North Platte City Hall

North Platte City Hall, 211 W. Third St.

North Platte Public Transit will be able to carry more passengers from outside city limits with Tuesday’s City Council approval of a resolution to that effect.

The measure, approved 7-1, extends the public bus service’s coverage area to 20 miles outside city limits, with rides beyond that radius possible on a case-by-case basis.

In those cases, people interested in riding into or back from North Platte would have to book their rides by 1 p.m. the previous day. Fares will be $5 one-way within the 20-mile radius and $10 for those beyond it.

The changes will enable North Platte Public Transit to serve customers from Lincoln County’s other towns, as well as Stapleton in nearby Logan County.

Fares inside city limits or within North Platte’s two-mile zoning jurisdiction will be $4 per ride for same-day reservations and $2 if they book by 1 p.m. the previous day. Those rates, up from $3 and $1.50 respectively, will take effect Oct. 1.

Council members discussed at length whether the 20-mile radius around North Platte ought to be wider to enable $5-per-ride fares for all four of the county’s other towns along U.S. Highway 30 and Interstate 80.

Hershey and Maxwell fit comfortably within that radius, but Sutherland and Brady could be either inside or outside depending on how one measures the circle from North Platte.

Mayor Dwight Livingston recommended that the council approve the 20-mile proposal and have city officials study whether to extend it later.

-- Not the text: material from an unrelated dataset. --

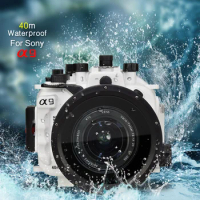 130ft/40m Waterproof Box Underwater Housing Camera Diving Case Cover for Sony A9 28-70mm 90mm lens or 16-35mm with Dome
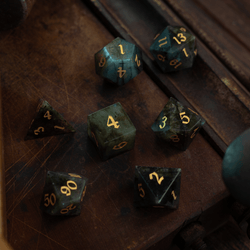 Labradorite Gemstone DND Dice Set (ONLINE ORDER ONLY)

Councilman Ed Rieker voted against the final resolution.

The bus-service area expansion fit into a group of 2020-21 fee schedules approved by the council for water, sewer and electric service and many other city services.

Council members, however, balked at a proposal to roll over the city’s three-year liability and workers’ compensation insurance package with the League Association of Risk Management.

Their 7-1 rejection, with Councilman Andrew Lee the lone “yes” vote, means LARM’s coverage will expire in fall 2022 instead of fall 2023. The group is related to the League of Nebraska Municipalities.

Several council members said they want to take other bids for coverage handled by LARM, noting that the $1.62 million fee North Platte will pay in the new fiscal year is one of the city’s larger budget items.

Lee warned that a series of high workers’ compensation claims in recent years might hinder the city from getting better bids.

“As I understand it, the reason we’re with LARM is they’re willing to cover us,” he said.

Opponents of rolling over the LARM contract said the city can’t pursue fresh bids until it’s close to expiration anyway. Rejecting the rollover puts North Platte a year closer to that point, they said.

In other business Tuesday, the council:

» Approved of a proposed 18-lot housing subdivision near West Philip Avenue and South Lakeview Boulevard as part of a three-item “consent agenda.”

The tract occupies the same footprint where an 18-lot tract would have been developed within a larger area rejected for tax increment financing eligibility in June. The subdivision approved Tuesday doesn’t involve TIF.

» Granted a conditional use permit for a mixed-use development at 3010 Sitting Bull Road, south and east of the I-80/U.S. Highway 83 interchange.

Rev Development LLC, which would buy the site from Tad Haneborg’s Higley LLC, plans seven- to 30-day extended-stay suites on the first floor and market-rate apartments on the upper floors.